General Mills has insisted it is upbeat about the prospects for its US cereal and yoghurt businesses, its two largest in the country and under scrutiny from analysts.

The Cheerios cereal and Yoplait yoghurt owner yesterday (19 December) reported higher first-half sales and profits but said sales from its domestic Big G cereals and Yoplait yoghurt divisions fell.

Barclays Capital analyst Andrew Lazar described the performance from the two businesses as "weak". Alexia Howard at Sanford Bernstein, meanwhile, said the results were "sluggish".

Speaking to analysts after the first-half figures were published, Ian Friendly, COO of General Mills' US retail business, was optimistic about the outlook for the company's domestic cereal arm despite the fall in sales over the last six months.
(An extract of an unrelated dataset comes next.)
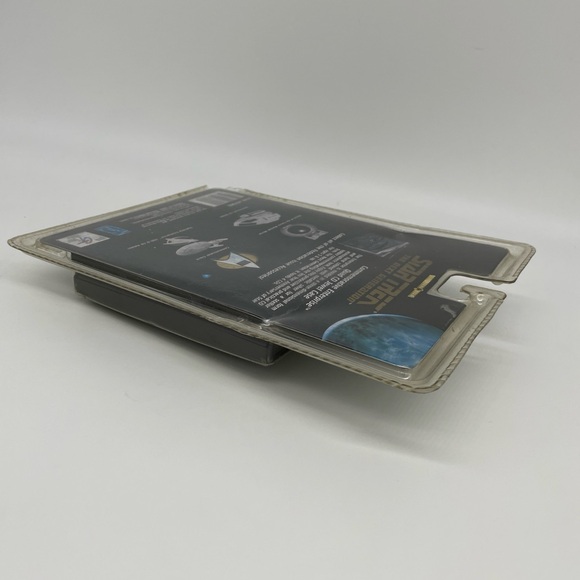 Fun Source 1997 Star Trek TNG - Commemorative Enterprise Quad CD Jewel Case - Picture 4 of 5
"Now I'm sure you noticed that our first half cereal net sales and market share were below year-ago levels. Other players in the category had more merchandising activity in the first half of the year," Friendly told analysts. "We've got more merchandising planned for the second half, including introductory support for our new items. With a great lineup of new products and strong levels of marketing support behind new and established brands, we remain very excited about our US cereal business, and we expect sales growth for Big G in the second half of this year."

The US yoghurt sector has seen rapid growth in recent years, driven by the booming Greek yoghurt segment. However, analysts have expressed concern over the distribution General Mills has secured for its yoghurt products and the company remains far behind rivals Danone and category leader Chobani.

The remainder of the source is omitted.